> **RECORDS PROVIDED**
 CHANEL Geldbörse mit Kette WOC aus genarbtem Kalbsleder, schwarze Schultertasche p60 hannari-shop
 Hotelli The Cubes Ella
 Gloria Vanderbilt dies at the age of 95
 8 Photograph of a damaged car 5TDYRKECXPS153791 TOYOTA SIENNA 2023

---

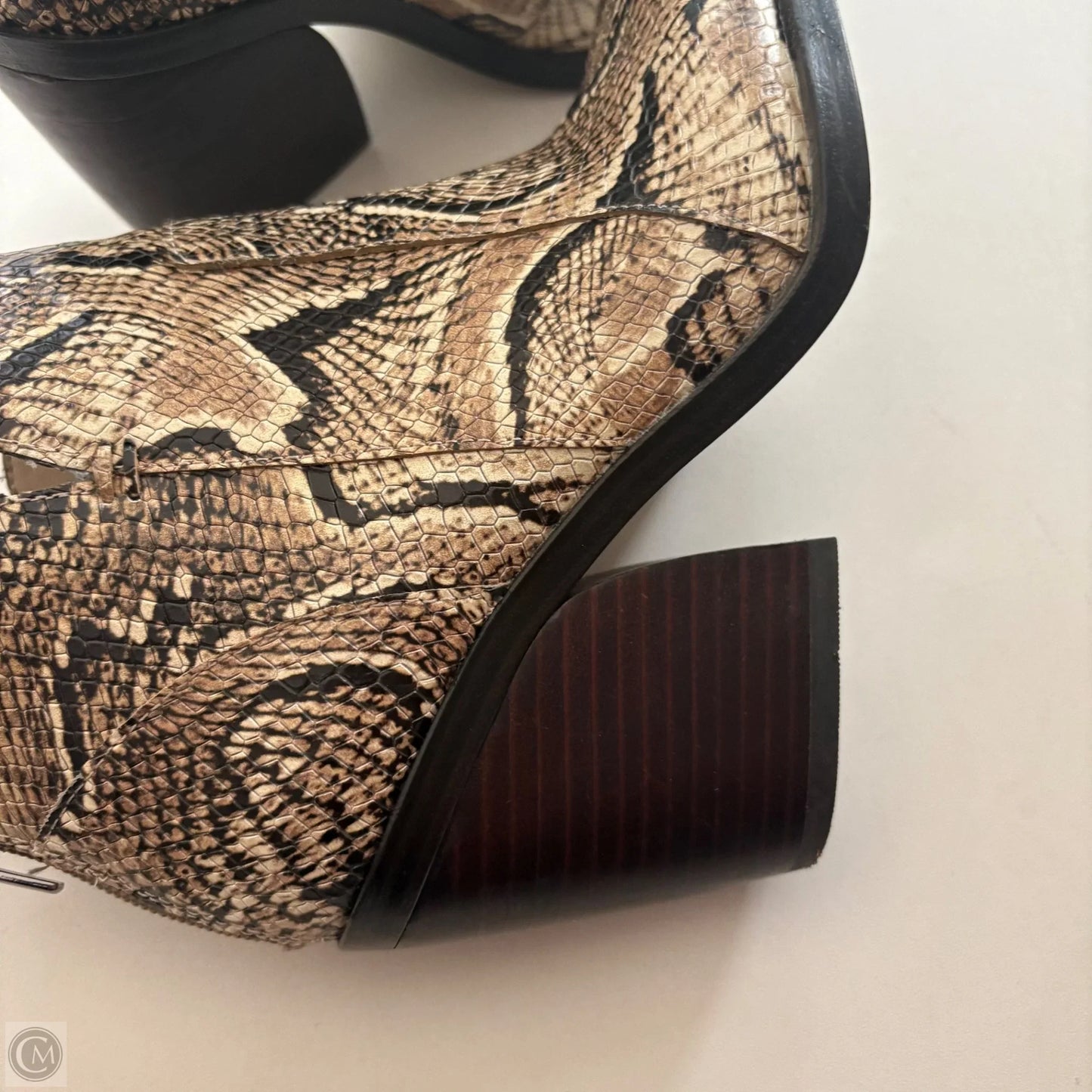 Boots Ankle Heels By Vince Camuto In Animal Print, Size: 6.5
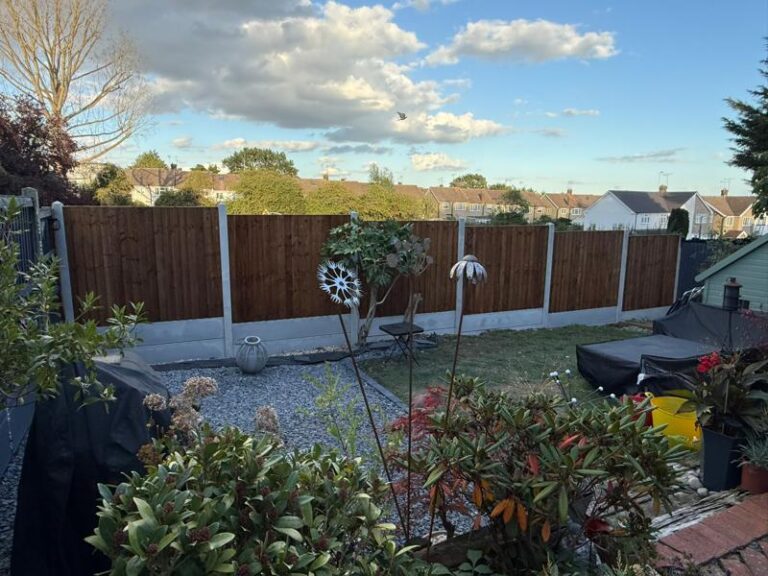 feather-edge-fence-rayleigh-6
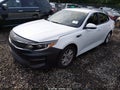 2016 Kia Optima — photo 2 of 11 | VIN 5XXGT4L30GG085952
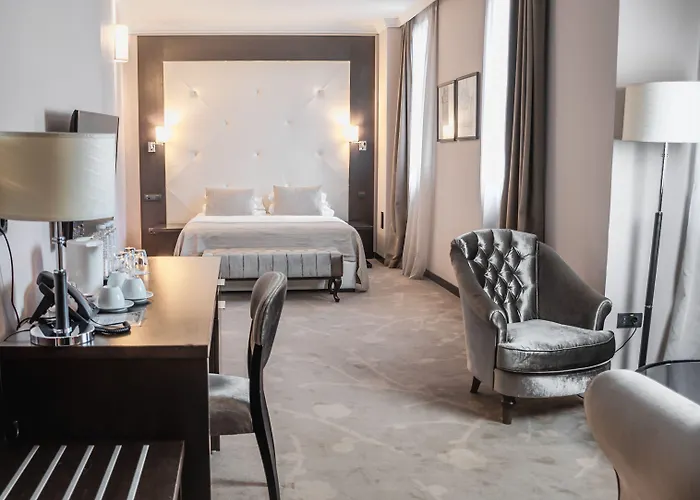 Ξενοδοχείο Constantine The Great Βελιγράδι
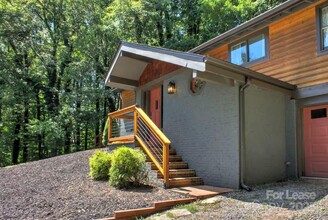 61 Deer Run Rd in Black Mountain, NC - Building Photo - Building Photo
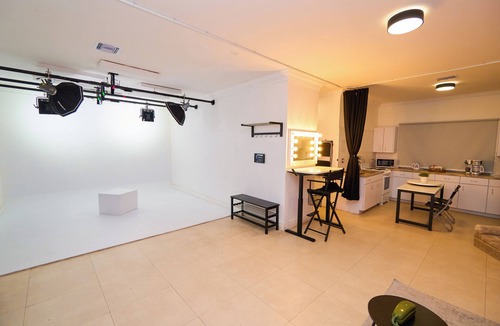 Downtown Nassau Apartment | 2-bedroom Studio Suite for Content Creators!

> **YOUR OBJECTIVE**
Output exactly the lines of the listing above that start with the one holding "feather-edge-fence-rayleigh-6" and go on through the one holding "Downtown Nassau Apartment"; leave the pictures out.

> **ANSWER BOX**
 feather-edge-fence-rayleigh-6
 2016 Kia Optima — photo 2 of 11 | VIN 5XXGT4L30GG085952
 Ξενοδοχείο Constantine The Great Βελιγράδι
 61 Deer Run Rd in Black Mountain, NC - Building Photo - Building Photo
 Downtown Nassau Apartment | 2-bedroom Studio Suite for Content Creators!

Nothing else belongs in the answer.